Having a joint bank account isn’t a prerequisite to getting a loan together, but sharing other aspects of your financial life is helpful. When you have joint accounts, it can be easier for both of you to deposit your funds into the account to make loan payments. And you’ll also have a pretty clear idea of what your partner earns and spends if you have combined other financial accounts.
If you don’t have joint accounts, talk with your partner before you get a loan together about how you plan to pay for it. Will one of you pay the full bill and the other write a check for half? It’s also a good idea to know how much money your partner has in the bank. If your partner has no savings, then they might have a hard time making loan payments if there’s an interruption in income.
Before going into debt with someone, you want to make sure that your partner is responsible about borrowing -- and spending.

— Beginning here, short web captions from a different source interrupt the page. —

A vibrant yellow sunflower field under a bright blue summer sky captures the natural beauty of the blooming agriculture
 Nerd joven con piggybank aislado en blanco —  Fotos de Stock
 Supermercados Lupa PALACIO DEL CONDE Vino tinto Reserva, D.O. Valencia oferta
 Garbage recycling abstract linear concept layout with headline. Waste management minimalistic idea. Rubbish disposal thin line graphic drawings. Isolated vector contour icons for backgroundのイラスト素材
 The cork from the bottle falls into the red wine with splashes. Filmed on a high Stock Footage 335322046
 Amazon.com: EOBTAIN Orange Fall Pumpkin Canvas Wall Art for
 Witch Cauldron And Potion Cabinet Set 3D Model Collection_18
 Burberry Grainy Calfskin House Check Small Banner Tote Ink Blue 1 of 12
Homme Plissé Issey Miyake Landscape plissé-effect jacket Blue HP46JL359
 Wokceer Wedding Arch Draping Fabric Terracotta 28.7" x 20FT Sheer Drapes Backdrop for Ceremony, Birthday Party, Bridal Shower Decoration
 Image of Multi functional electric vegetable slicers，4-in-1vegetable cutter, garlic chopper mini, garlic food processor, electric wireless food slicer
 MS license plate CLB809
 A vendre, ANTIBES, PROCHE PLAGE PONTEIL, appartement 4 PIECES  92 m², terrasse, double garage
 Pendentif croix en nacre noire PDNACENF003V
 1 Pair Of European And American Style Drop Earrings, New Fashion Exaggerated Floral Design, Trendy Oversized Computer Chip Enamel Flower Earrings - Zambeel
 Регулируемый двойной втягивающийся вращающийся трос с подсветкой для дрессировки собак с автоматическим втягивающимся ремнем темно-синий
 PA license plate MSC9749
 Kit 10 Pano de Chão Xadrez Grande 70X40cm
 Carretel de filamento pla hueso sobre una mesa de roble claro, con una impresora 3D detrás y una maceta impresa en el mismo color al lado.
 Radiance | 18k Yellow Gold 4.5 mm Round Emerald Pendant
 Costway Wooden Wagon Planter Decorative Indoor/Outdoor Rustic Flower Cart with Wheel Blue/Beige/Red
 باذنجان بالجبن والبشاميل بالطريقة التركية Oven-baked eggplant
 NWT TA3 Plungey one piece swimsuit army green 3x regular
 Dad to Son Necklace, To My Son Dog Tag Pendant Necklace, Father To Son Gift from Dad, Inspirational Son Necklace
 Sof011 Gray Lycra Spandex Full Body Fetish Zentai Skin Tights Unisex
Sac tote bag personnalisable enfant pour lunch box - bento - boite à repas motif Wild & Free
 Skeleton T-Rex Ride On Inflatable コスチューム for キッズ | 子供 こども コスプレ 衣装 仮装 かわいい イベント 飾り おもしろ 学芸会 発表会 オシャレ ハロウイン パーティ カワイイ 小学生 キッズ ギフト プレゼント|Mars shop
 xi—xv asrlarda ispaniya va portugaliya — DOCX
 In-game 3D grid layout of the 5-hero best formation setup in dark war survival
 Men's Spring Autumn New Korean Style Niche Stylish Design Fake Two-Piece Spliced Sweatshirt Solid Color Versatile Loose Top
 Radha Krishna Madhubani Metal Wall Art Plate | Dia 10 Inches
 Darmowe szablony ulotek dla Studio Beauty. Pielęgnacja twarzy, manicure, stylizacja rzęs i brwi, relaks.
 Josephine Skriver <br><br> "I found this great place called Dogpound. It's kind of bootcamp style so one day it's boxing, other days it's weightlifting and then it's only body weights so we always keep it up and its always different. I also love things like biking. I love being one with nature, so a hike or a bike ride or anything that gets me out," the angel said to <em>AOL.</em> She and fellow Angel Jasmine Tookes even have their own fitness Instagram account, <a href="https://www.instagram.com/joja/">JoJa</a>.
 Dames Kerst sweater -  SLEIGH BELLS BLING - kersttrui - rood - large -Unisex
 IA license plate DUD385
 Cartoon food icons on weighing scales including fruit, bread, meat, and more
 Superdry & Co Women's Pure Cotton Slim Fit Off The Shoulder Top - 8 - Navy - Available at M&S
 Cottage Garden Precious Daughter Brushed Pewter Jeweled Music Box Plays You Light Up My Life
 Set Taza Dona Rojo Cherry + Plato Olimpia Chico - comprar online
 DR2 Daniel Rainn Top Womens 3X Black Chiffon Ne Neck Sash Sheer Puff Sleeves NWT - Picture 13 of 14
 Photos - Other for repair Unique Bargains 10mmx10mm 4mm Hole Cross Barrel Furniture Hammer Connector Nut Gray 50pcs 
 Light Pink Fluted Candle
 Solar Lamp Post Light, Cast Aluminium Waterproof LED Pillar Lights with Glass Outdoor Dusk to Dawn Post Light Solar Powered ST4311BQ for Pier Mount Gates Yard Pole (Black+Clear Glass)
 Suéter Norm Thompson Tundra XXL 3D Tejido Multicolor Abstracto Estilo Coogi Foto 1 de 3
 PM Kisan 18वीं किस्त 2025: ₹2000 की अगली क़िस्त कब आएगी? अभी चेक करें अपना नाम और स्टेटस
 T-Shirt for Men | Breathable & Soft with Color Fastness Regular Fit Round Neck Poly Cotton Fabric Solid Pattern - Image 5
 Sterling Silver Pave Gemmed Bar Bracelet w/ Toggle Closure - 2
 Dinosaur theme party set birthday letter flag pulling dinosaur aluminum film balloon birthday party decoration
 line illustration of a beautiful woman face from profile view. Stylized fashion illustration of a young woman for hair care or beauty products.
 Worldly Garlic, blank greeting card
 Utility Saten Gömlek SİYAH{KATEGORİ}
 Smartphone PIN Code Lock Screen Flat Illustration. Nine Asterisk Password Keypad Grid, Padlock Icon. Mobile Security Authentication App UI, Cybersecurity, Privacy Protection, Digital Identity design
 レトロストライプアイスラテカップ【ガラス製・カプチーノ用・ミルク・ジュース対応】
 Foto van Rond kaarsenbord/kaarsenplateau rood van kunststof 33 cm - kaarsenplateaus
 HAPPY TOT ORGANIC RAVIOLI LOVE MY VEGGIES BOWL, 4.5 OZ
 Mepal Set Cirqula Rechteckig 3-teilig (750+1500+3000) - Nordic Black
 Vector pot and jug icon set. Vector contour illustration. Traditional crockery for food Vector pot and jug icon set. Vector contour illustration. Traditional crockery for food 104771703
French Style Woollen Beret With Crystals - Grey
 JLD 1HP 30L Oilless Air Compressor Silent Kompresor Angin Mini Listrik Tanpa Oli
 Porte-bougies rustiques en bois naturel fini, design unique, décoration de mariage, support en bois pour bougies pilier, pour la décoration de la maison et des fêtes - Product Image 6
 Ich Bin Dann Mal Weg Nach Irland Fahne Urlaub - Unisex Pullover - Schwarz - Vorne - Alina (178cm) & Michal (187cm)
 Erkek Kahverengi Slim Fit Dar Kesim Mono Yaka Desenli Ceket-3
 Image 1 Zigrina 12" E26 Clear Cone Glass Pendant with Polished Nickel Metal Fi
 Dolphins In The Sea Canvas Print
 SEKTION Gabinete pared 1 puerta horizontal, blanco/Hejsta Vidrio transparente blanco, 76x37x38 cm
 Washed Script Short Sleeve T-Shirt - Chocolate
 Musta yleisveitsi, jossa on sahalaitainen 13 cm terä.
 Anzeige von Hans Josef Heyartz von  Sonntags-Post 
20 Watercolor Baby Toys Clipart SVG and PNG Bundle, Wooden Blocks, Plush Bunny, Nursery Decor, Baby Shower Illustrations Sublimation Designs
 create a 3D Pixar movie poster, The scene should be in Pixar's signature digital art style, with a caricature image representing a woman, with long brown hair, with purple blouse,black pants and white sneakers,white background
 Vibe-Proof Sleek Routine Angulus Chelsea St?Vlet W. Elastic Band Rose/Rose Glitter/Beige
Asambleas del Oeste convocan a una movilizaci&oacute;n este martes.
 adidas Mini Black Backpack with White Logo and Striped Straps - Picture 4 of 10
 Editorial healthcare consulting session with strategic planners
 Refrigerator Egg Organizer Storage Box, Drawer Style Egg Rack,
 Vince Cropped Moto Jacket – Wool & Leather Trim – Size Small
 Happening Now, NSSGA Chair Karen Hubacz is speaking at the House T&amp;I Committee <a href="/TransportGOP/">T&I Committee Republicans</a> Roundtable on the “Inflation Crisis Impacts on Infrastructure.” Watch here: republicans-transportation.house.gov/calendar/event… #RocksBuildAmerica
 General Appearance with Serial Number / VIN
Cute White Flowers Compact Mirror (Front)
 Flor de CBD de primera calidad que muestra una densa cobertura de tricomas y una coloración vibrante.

Someone who spends every last dollar and who routinely takes on lots of debt is going to be a pretty big credit risk, while someone who is careful with spending is likely to take borrowing much more seriously.
If your partner seems to have no control over where his or her money goes, then you can’t be confident they’ll cut back spending enough to make loan payments -- so you may want to think twice about borrowing with them.
When you take out a loan together, you need to be able to talk about who will pay it, how it will get paid, what happens if one of you can’t make a payment, and how you’ll make sure the loan is paid back on time. In other words, you need to have regular money conversations, at least about the loan.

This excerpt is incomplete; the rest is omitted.